In case of certificate-based authentication, MinIO has to map the client-provided certificate to an S3 policy. MinIO does this via the subject common name field of the X.509 certificate. So, MinIO will associate a certificate with a subject CN = foobar
to a S3 policy named foobar
.
The following self-signed certificate is issued for consoleAdmin
. So, MinIO would associate it with the pre-defined consoleAdmin
policy.
Certificate:
Data:
Version: 3 (0x2)
Serial Number:
35:ac:60:46:ad:8d:de:18:dc:0b:f6:98:14:ee:89:e8
Signature Algorithm: ED25519
Issuer: CN = consoleAdmin
Validity
Not Before: Jul 19 15:08:44 2021 GMT
Not After : Aug 18 15:08:44 2021 GMT
Subject: CN = consoleAdmin
Subject Public Key Info:
Public Key Algorithm: ED25519
ED25519 Public-Key:
pub:
5a:91:87:b8:77:fe:d4:af:d9:c7:c7:ce:55:ae:74:
aa:f3:f1:fe:04:63:9b:cb:20:97:61:97:90:94:fa:
12:8b
X509v3 extensions:
X509v3 Key Usage: critical
Digital Signature
X509v3 Extended Key Usage:
TLS Web Client Authentication
X509v3 Basic Constraints: critical
CA:FALSE
Signature Algorithm: ED25519
7e:aa:be:ed:47:4d:b9:2f:fc:ed:7f:5a:fc:6b:c0:05:5b:f5:
a0:31:fe:86:e3:8e:3f:49:af:6d:d5:ac:c7:c4:57:47:ce:97:
7d:ab:b8:e9:75:ec:b4:39:fb:c8:cf:53:16:5b:1f:15:b6:7f:
5a:d1:35:2d:fc:31:3a:10:e7:0c
Observe the
Subject: CN = consoleAdmin
field.
Also, note that the certificate has to contain the Extended Key Usage: TLS Web Client Authentication
. Otherwise, MinIO would not accept the certificate as client certificate.
Now, the STS certificate-based authentication happens in 4 steps:
- Client sends HTTP
POST
request over a TLS connection hitting the MinIO TLS STS API. - MinIO verifies that the client certificate is valid.
- MinIO tries to find a policy that matches the
CN
of the client certificate. - MinIO returns temp. S3 credentials associated to the found policy.

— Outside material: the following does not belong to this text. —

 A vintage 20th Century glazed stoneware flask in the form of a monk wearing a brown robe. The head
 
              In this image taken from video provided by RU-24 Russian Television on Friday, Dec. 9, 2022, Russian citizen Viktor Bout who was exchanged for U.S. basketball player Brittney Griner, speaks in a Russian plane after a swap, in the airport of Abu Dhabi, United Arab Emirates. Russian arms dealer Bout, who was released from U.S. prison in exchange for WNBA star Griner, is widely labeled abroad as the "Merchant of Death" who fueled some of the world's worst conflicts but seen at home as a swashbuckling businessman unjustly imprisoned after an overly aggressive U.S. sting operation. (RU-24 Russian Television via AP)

The returned credentials expiry after a certain period of time that can be configured via &DurationSeconds=3600
. By default, the STS credentials are valid for 1 hour. The minimum expiration allowed is 15 minutes.
Further, the temp. S3 credentials will never out-live the client certificate. For example, if the MINIO_IDENTITY_TLS_STS_EXPIRY
is 7 days but the certificate itself is only valid for the next 3 days, then MinIO will return S3 credentials that are valid for 3 days only.